Hong Kong Prepares For Handover
Exuberant but also nervous, this city of 6.3 million residents prepared Sunday to celebrate its independence from Britain at midnight tonight, when the Union Jack will be permanently lowered after 156 years and the territory will revert to Chinese rule.
The party mood was marked by music, food and a flurry of last-minute shopping, particularly for newly fashionable clothing inspired by traditional Chinese styles.
The nervousness was expressed in a smattering of protests by civil rights advocates, who are highly suspicious of China’s Communist government and fear that Beijing will crush the limited democracy introduced at the last minute by the departing colonial power.
“If we return to China under democracy and freedom, we will be happy,” said Tony Cheung, 52, a schoolteacher who attended a public forum near the harbor in Kowloon at which pro-democracy leaders urged residents to stand firm for their freedoms.

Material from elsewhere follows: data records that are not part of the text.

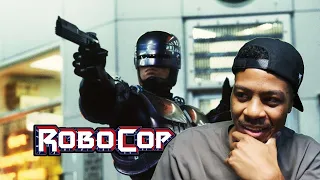 STRONGER THAN TERMINATOR ?! First Time Watching ROBOCOP (1987) Movie Reaction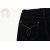 Джинсовые брюки для девочки черные,рост 146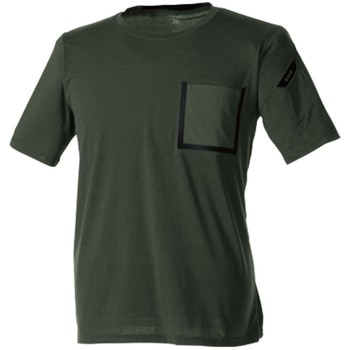 TS DELTAブレスワークTシャツ 8555 TS DESIGN(Top Shaleton Sports/藤和)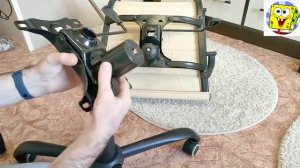 Ремонт офисного кресла самостоятельно. Замена механизма качения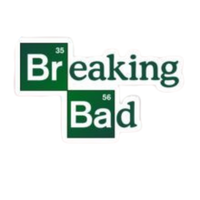 Breaking Bad Heisenberg Sticker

Mindful of the anxieties of many in Hong Kong, Chinese President Jiang Zemin Sunday repeated his pledge that the Communist regime would respect the autonomy it has promised the territory, which has been ruled since 1841 by Britain. The British seized Hong Kong after defeating the Chinese in the Opium Wars, fought after the Qing emperor forbade British merchants to sell the drug to his subjects.